To score colocalization or co-occurrence of annotations^{26}, TACCO calculates *p*(anno|center;*x*)/*p*(anno), the probability to find an annotation ‘anno’ at a distance *x* from a center annotation ‘center’ normalized by the probability to find ‘anno’ regardless of a ‘center’. This is well defined also for noncategorical annotations, which are commonplace for the compositional annotations created with TACCO and for pairs of unrelated annotations.

As the most time-consuming computations for co-occurrence are the same as for neighborhood-enrichment analyses, TACCO also calculates neighborhood-enrichment *z*-scores^{52} for a set of distance bins (as opposed to the set of direct neighbors on a graph) and again supports noncategorical annotation, pairs of unrelated annotations for ‘anno’ and ‘center’, and multiple samples while being competitive performance-wise (Extended Data Fig. 9).

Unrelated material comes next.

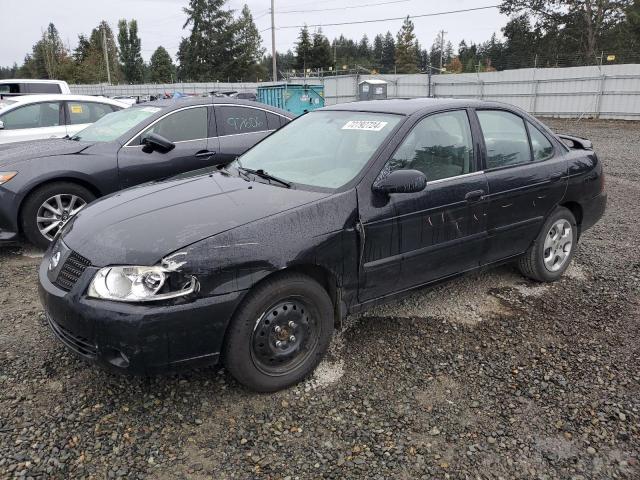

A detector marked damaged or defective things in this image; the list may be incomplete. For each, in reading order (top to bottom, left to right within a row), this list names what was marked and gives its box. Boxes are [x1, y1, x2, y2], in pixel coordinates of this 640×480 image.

damaged front bumper [38, 255, 245, 376]
broken headlight [87, 264, 198, 302]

### Annotation coordinates

To analyze a given annotation (for example, cell-type composition) with respect to its spatial distance from a reference annotation (for example, histological annotation; Extended Data Fig. 3b,c), TACCO implements an algorithm that determines a stable ‘annotation coordinate’ in position space by regularizing the minimum distance by a critical neighborhood size determined at the weights level and afterward correcting for the regularization bias. (This is required because for noisy spatial data and/or noncategorical reference annotations, simply taking the minimal distance between objects of certain annotations is unstable and/or not well defined.)

Specifically, TACCO first generates a matrix *n*_{A,x}(*d*) of occurrence histograms versus spatial distance *d* for every annotation category *A* and spatial position *x*, counting fractional annotations as fractional occurrence counts. The distance \(d_{A,x}^l\) where its cumulative sum over distance \(N_{A,x}\left( d \right) = \mathop {\sum}\nolimits_{{{{\mathrm{d}}}}^{\prime} = 0}^{{{\mathrm{d}}}} {n_{A,x}\left( {d^{\prime} } \right)}\) will be over a certain threshold *N*_{l} is a robust measure for the radius of the sphere centered at *x* and containing a total of *N*_{l} occurrences of annotation *A*. Even for data homogeneously annotated with *A*, the minimal possible value of \(d_{A,x}^l\) is however larger than 0 as the threshold *N*_{l} will in general be larger than *l* to have a stabilizing effect. To allow for a minimum value of 0 and obtain a measure for the distance from *x* to a significant amount of category *A*, \(d_{A,x}^l\) is corrected using a fictitious homogeneous annotation category *H* and the value of *N*_{H,x}(\(d_{A,x}^l\)) is found, followed by solving for the distance \(d_{A,x}^0\) at which *N*_{l} less occurrences appeared: *N*_{H,x}(\(d_{A,x}^0\)) = *N*_{H,x}(\(d_{A,x}^l\)) – *N*_{l}. \(d_{A,x}^0\) is now consistent with the regular minimum distance for noise-free categorical annotations, stable against noise and well defined for compositional annotations.

### Enrichments

TACCO supports various approaches to visualize compositional differences in the spatial structure of a sample and estimate the statistical significance of these differences/enrichments (Extended Data Fig. 3d–g). In particular, TACCO uses sample information to calculate enrichments not across observations (single cells/spatial beads, which are no independent observations and can lead to *P* value inflation), but across multiple samples, which gives meaningful and reasonable *P* values.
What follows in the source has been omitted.